Browser cache (Cloudflare TTLs)
→ Cloudflare edge cache (static assets + cached HTML)
→ Nginx FastCGI cache (full-page HTML, 1h TTL)
→ Redis object cache (DB query results, 1h TTL)
→ MySQL (last resort)

Full-page HTML is cached at the Nginx level. Cache is bypassed for:

  • Logged-in users (wordpress_logged_in_* cookie present)
  • Cart / checkout pages
  • POST requests

To purge the Nginx cache manually:

Terminal window
# SSH into the server
sudo nginx -s reload # soft reload (keeps connections)
sudo rm -rf /var/cache/nginx/ENV_NAME/* # nuke full-page cache

WordPress object cache is backed by Redis via wp-redis.

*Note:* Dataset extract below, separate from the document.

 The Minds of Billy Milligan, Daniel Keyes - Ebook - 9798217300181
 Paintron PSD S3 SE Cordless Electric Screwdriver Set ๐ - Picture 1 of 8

This caches wp_cache_get/set calls — database query results, transients, etc.

Terminal window
wp cache flush # flush Redis object cache (safe to run anytime)
  • Static assets (JS, CSS, images): Cache Everything rule, 30-day TTL
  • HTML pages: Cache Level: Standard, respects Cache-Control headers from Nginx
  • Image optimisation: Polish enabled (lossless for PNG, lossy for JPEG)
  • Minification: handled by the build pipeline, not Cloudflare
  • Avoid wp_query inside loops — each creates a new DB query. Use get_posts() with a transient wrapper.
  • Avoid autoloaded options — don’t add large data to wp_options with autoload=yes. Check autoload size: wp eval 'echo size_format(strlen(serialize(wp_load_alloptions())));'
  • Avoid uncached external HTTP calls — wrap wp_remote_get() calls in a transient with a reasonable TTL.
  • Don’t flush cache on every save — scope clean_post_cache() to the affected post, not site-wide.